You also refer to "the aacraid panic" but that's not described anywhere: do you have information about that panic too? The oopses above show little except for vague evidence of random memory corruption. There's almost no other common element in them. We'd really need something more concrete to pursue this --- a reproducer that we can run ourselves, for example, or a crash dump, or a much better description of what precise behaviour triggers the problem.
The aacraid-induced panic is 131703. I followed the steps to work around it as described in that bug. I wish I knew what (if anything) we can control (code-wise) to prevent these panics. It seems something in the ServerVantage startup process (minimum 3 processes) is exposing|causing these panics. It occurs sooner running an SMP kernel. It does not occur on RH 9.0 or SLES 9 (SLES 9 required recompiling the same code). I'm working on 2 tasks now; 1- make xconfig and load ../arch/i386/defconfig and change ONLY CONFIG_IKCONFIG to y, recompile, etc. and run that kernel (RHEL3 update 2), 2- Download the RHEL4 beta and try running SV there. I can provide a crash dump provided I get explicit instructions on going about capturing it.
RHEL3 supports network dumps, but not disk dumps. There's a whitepaper at http://www.redhat.com/support/wpapers/redhat/netdump/index.html
OK after 4 tries I finally captured both log and vmcore on my netdump- server VMware image. The client VMware image is config'd with 256M so how do I get it to you? gzipped it's down to 72M+ and Bugzilla won't let me attach it, doubt we have a publicly available URL you could get it from... email, ftp?!
Created attachment 105163 [details] netdump log file. Here's the log file anyway...
Moved 2 TAR+gzipped files to: ftp://ftp.compuware.com/pub/vantage/server/outgoing/rhel3_132838/netdu mp1_files.TAR ftp://ftp.compuware.com/pub/vantage/server/outgoing/rhel3_132838/netdu mp2_files.TAR Each contains log and vmcore files. The 2nd panic occurred on the automatic reboot when logging in as root using KDE, process in the Oops is kdeinit.

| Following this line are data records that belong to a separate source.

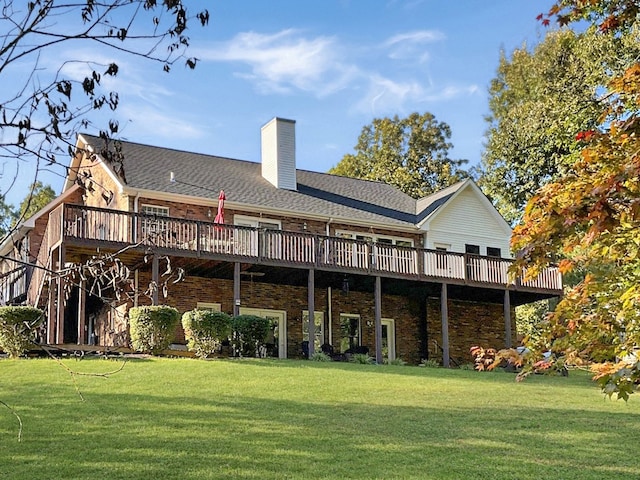 rear view of property with a yard and a deck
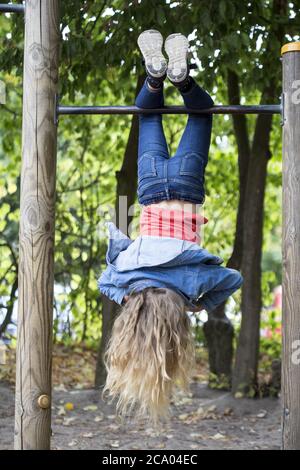 Mädchen (10) hängt kopfüber auf horizontaler Stange, Kiel, Schleswig-Holstein, Deutschland Stockfoto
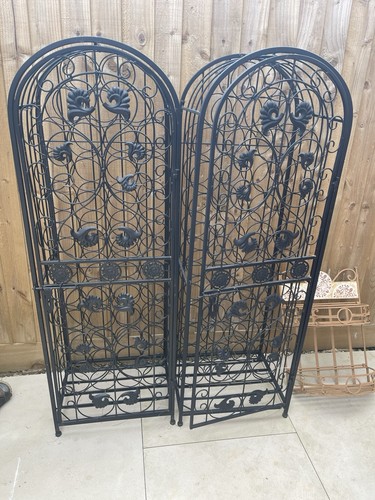 Large ornate metal wine bottle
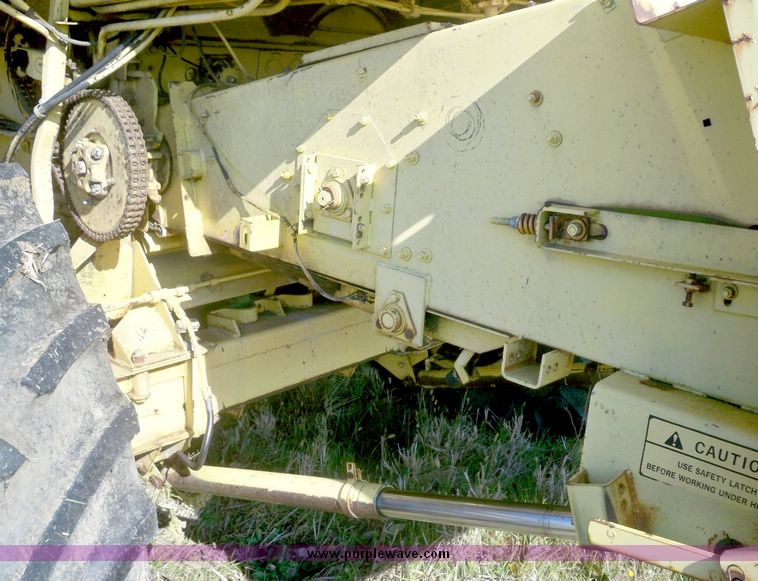 image for item 7531 New Holland TR70 combine with 20' platform with finger reel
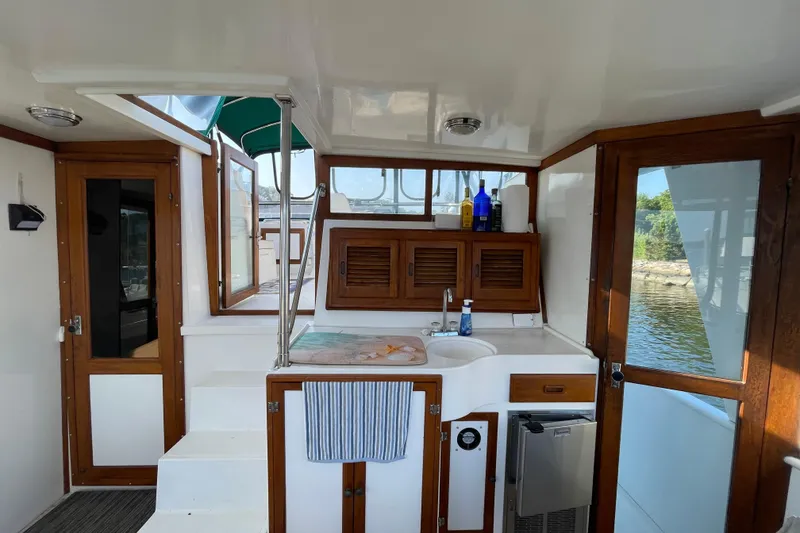 Slide: The Image of 1987 Heritage East 40 Sundeck interior with wooden cabinetry and compact kitchenette. - 6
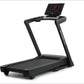 Black NordicTrack EXP 7i treadmill with digital console display and cushioned running deck on white background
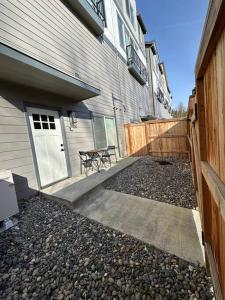 a house with a bench in front of a door at Studio Modern luxe apartment in Vancouver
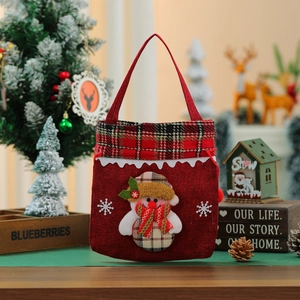 Close-up of a festive red Christmas gift bag with a snowman applique and plaid trim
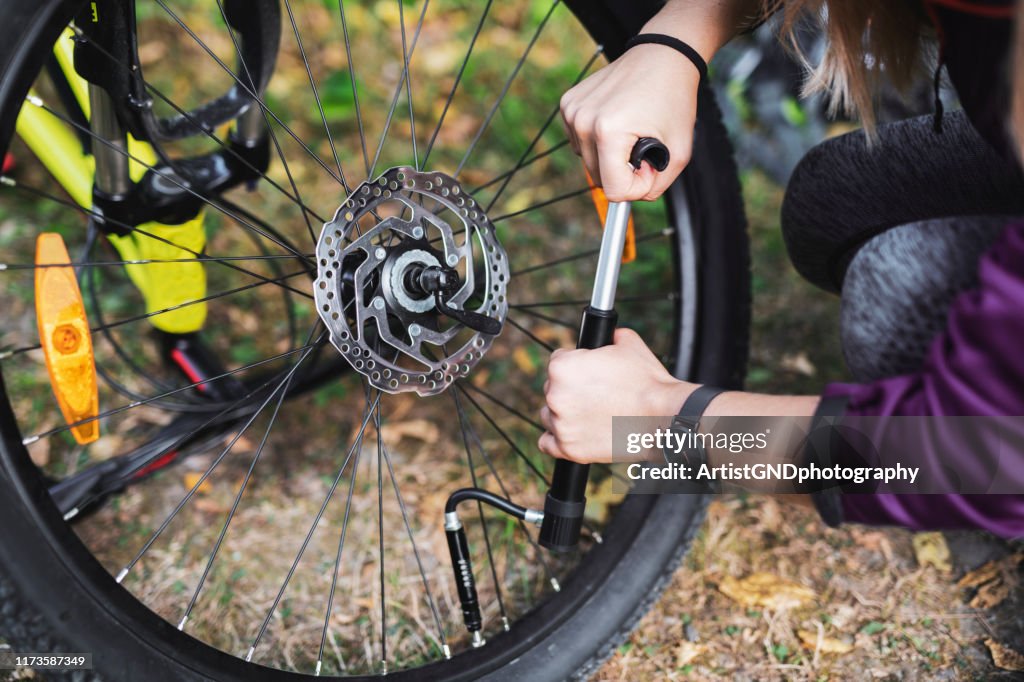 Frau reparaturt Fahrrad in der Natur.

I cannot access those files: $ lftp ftp://ftp.compuware.com lftp ftp.compuware.com:~> cd pub/vantage/server/outgoing/ cd: Access failed: 550 /pub/vantage/server/outgoing: Access is denied.
If you use the full URL including netdump1_files.TAR in the browser Address it should prompt you to Open, Save, etc.
Added another set of vmcore & log files at (enter full URL to download): ftp://ftp.compuware.com/pub/vantage/server/outgoing/rhel3_132838/netdu mp3_files.TAR.
Tried raising priority to High but I guess the "Reporter" is not the same as the "submitter" so it wouldn't take. Now getting panics simply running the tar command during ServerVantage (9.7) installation before ANY of our code has a chance to run. Unable to recreate (using restart_ecoagt processing) on RHEL 4 Beta.
I don't have access to RHN Errata (up2date) to download individual kernel packages as we have only 5 machines configured for up2date. I can request one of the 5 IT machines be up2date'd or if "update 4" is available in ISO images for download, install them on my VMware image. I checked Easy ISOs on RHN and only see Update 3.
John, you should be able to login to https://rhn.redhat.com, then go to: https://rhn.redhat.com/network/software/channels/downloads.pxt?cid=1186 That link should take you to the Update 4 Beta ISO images. Update 4 has not been released yet in final form. However, I think that we would like you to try and test with a kernel that has slab-debug enabled. Watch this space, we'll post a link.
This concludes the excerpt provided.